Sedangkan sebagai inisiator kegiatan RuangAksi ini, Verena dari Koaksi Indonesia menyatakan bahwa film Semesta ini memang tidak mengemas isu energi terbarukan secara khusus namun dapat menjadi media untuk menceritakan apa itu energi terbarukan dan ternyata selama ini ada disekitar kita sendiri. “Kita tidak ingin isu energi terbarukan ini menjadi eksklusif bagi penggerak lingkungan saja sehingga dibutuhkan narasi dalam menyampaikan ke masyarakat luas salah satunya dengan film ini. Ada dua pesan yang ingin disampaikan Koaksi Indonesia: perubahan tidak melihat batas apapun seperti usia, fisik, sampai ke spiritual dan perubahan bisa dimulai dari lingkaran sendiri atau lingkaran terdekat kita.” papar Verena.
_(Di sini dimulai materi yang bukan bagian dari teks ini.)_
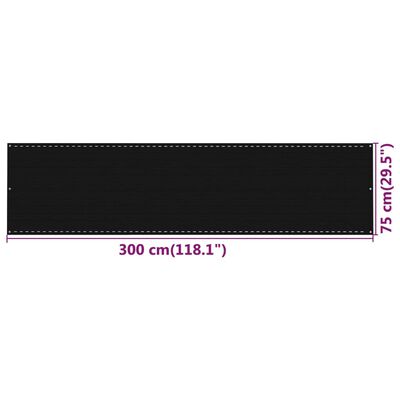 vidaXL Balkongskjerm svart 75x300 cm HDPE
RuangAksi #20 ini ditutup dengan ajakan dari para narasumber untuk para peserta yang hadir agar berani memulai perubahan baik dan dimulai dari hal-hal paling sederhana dalam kehidupan sehari-hari, karena seperti pesan yang ingin disampaikan oleh Semesta bahwa perubahan baik sekecil apapun jika dilakukan bersama-sama akan berdampak besar bagi alam dan kehidupan kita selanjutnya.